Remarriage among the elderly is a widespread phenomenon. With the extension of people's life expectancy, the increase in the divorce rate and the change of social attitudes, the trend of remarriage among the elderly is becoming more and more obvious. Remarriage of the elderly may bring some benefits, such as increased social circles, improved quality of life, improved psychological state, etc., but it may also bring some challenges, such as complex family relationships, property division and other issues.
When it comes to the remarriage of the elderly, the factors we need to consider include, but are not limited to, the following:
Whether the relationship between the two parties is stable: Older people have rich emotional experiences, and the motivation for remarriage may come from different reasons, such as loneliness, life needs, etc. Therefore, when considering remarriage, it is necessary to carefully evaluate whether the relationship between the two parties is sincere and stable.
Attitudes of family members: Remarriage of older people can have an impact on family relationships, so the attitudes of family members need to be considered. If family members do not support remarriage, they need to think about how to balance the needs of both parties with the interests of the family.
Property division issues: After the elderly remarry, the issue of property division may become a point of contention. Therefore, it is necessary to have a clear estate plan before remarrying to avoid property disputes.

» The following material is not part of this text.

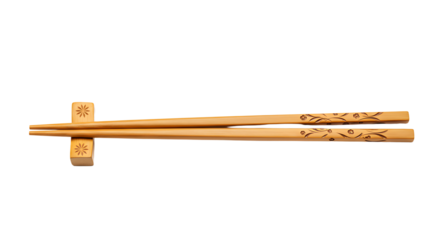 Elegant wooden chopsticks with floral design resting on a chopstick holder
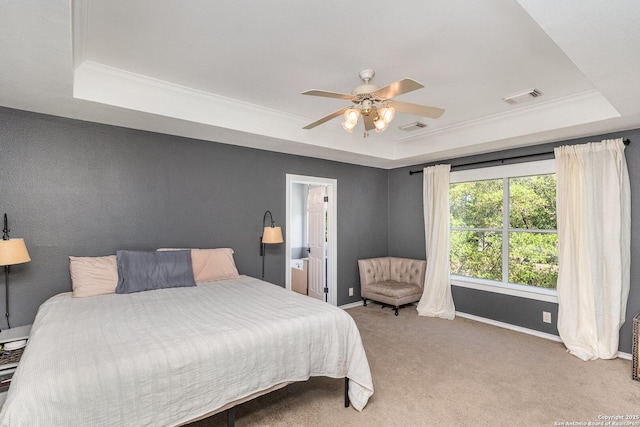 21707 Beaver Bnd, San Antonio, TX 78258 - bedroom with carpet floors, ornamental molding, a tray ceiling, and visible vents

Social perceptions: Despite the gradual opening up of social perceptions, in some regions and cultures, remarriage by older people is still seen as an unacceptable behavior. Therefore, it is necessary to consider the influence of social perceptions and weigh the pros and cons before making a decision.
To sum up, remarriage for the elderly is a complex issue that requires careful weighing of the pros and cons and making a decision on a case-by-case basis. If you or someone close to you is facing the problem of remarrying in the elderly, it is advisable to consult a professional or authority for more information and advice.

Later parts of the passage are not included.